He isn't very affection.. at all...

I've been dating a new guy for a month now. We met online and everything was going amazing. Anyway the problem is the serious lack of affection. At first I was shy so not much happened, but now we've had sex 6 times it just isn't improving. The first time we had sex we cuddled afterward while watching a movie, although the sex was over far too quickly and I was far from satisfied I didn't mind too much. 5 times later and we haven't cuddled after sex and I am still far from satisfied and he only ever kisses me when he wants it to lead into sex. There is no public displays of affection unless we have been drinking and then we might walk hand in hand.
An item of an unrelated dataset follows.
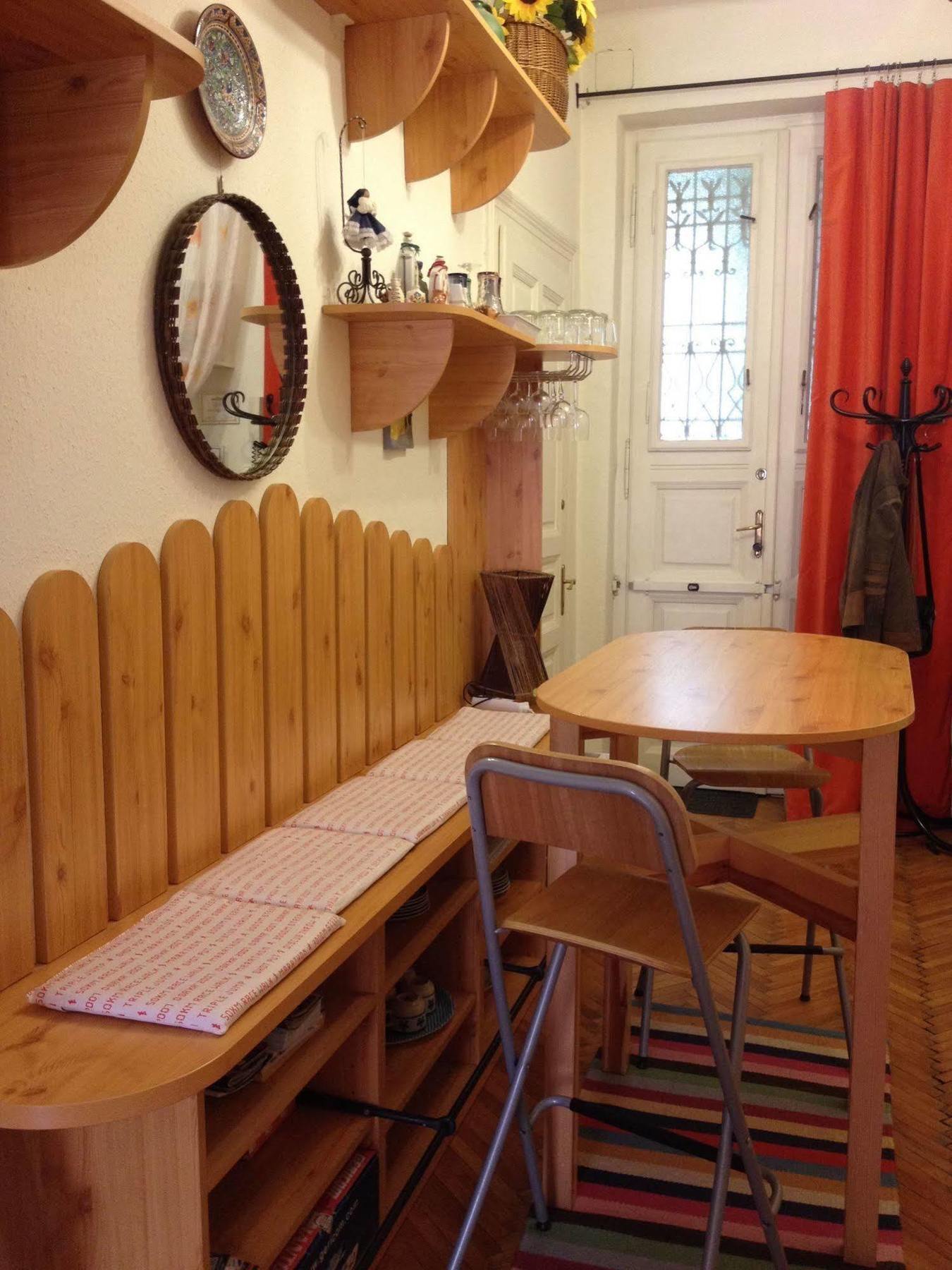 Edith'S Place In Budapest Exterior photo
The times we have had sex has been alright but it's always over as soon as he's done and he enjoys the sex and yeah it's nice for me but nothing overly exciting. We never cuddle on his sofa now or anything and in public it doesn't seem like we're together. In fact every time we sit and watch a movie he sits there cuddling his dog, which didn't bother me at first but it's getting to the point that I'm starting to get pretty frustrated by it all. Every morning when I stay there his dog gets invited up into his bed and that doesn't bother me so much but the dog gets so much love and attention and I feel like I get so little. I've spoke to him before about it and he says he isn't really an affectionate person and he'd try to be more affectionate, but honestly he hugged me in public last week.. that was it. Everywhere we go together, the dog comes too, everything we do involves the dog. I wouldn't mind so much If I felt valued but I just feel like a bloody booty call.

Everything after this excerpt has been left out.